Real Time Turbo Decoding of BCH Product Code
on the DSP Texas TMS320C6201

André GOALIC(*) and Nadine CHAPALAIN(**)

(*)ENST de Bretagne, Technopôle Brest-Iroise BP-832, 29285 BREST, BRITTANY
(**)Mitsubishi Electric ITE, Im. Germanium 80, av. des Buttes de Coësmes 35700 RENNES
E-mail : andre.goalic@enst-bretagne.fr

Abstract – To speed up and enhance real time DSP application developments, a new kind of tool called “Code Composer Studio (CCS)” can be used, in the Texas Instrument DSP environment. It allows an easy check of real time “Block Turbo Code (BTC)” behaviour. The studio also includes the new DSP analysis technology, the Real-Time Data Exchange (RTDX). Thus the encoder implemented on the host computer exchanges data with the decoder implemented on the DSP board via the RTDX link. Once sent back to the host the decoded data allows analysis and curves drawing. This paper also presents our first results concerning the implementation of the “Block Turbo Code (BTC)” on the Texas Instruments TMS320C6201 (1600 MIPS) fixed point DSP. After four iterations our implementation can reach – 400 kbits/s – in C and – 550 kbits/s – in Assembly language.
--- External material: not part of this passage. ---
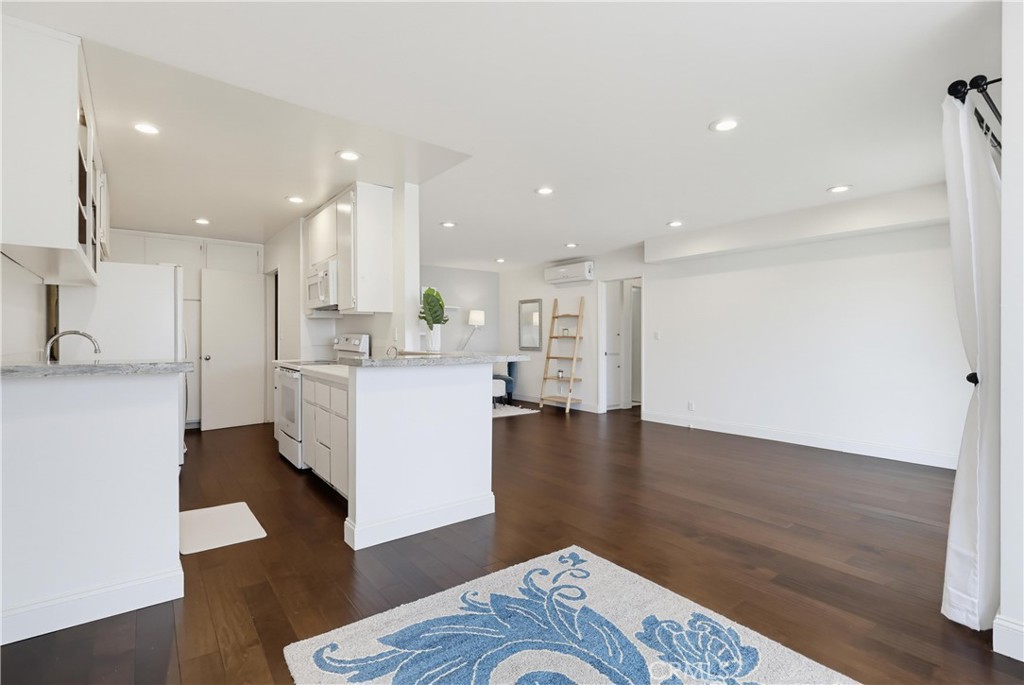 8738 Delgany Avenue, Unit 301 Playa del Rey, CA 90293 - Photo 8 of 32 Gallery Image 8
Keywords : “Block-turbo-code, TMS320C6201, real-time-processing, RTDX.

I. INTRODUCTION

Channel coding is one of the main part of a digital communication system. The use of redundancy bits helps the decoder to restitute the emitted sequence. Flexibility and adaptability are easily obtained by an implementation on a DSP chip.

While using product codes based for example on a BCH(32,26,4) scheme, the coding gain at 10^-5 Bit Error Rate slightly exceeds 6 dB[1]. Before the coding process, the information bits are stored in a matrix. The BTC coder then, adds redundancy bits to rows and columns, the sets of rows and columns remaining codewords. An iterative process is used to decode the product code. Section II describes the decoding algorithm. Section III presents the demonstration platform using the Code Composer Studio (CCS) and the RTDX link. Then we will approach, in section IV, the problems of real-time decoder implementation. Section V will show some promising results, obtained using C and Assembly language. Finally, conclusion and future perspectives of the real time TCB implementation on a DSP chip are given.

II. SOFT DECODING OF BTC

II.1. The product code

Let us consider a linear block code C having parameters (n, k, δ) where n, k, δ stand for code word length, number of information bits and minimum Hamming distance respectively. The code rate is defined by the ratio r = k/n. The product code P = C ⊗ C is then obtained by :

- placing (k x k) information bits in an array of k rows and k columns.
- coding k rows and n columns using code C.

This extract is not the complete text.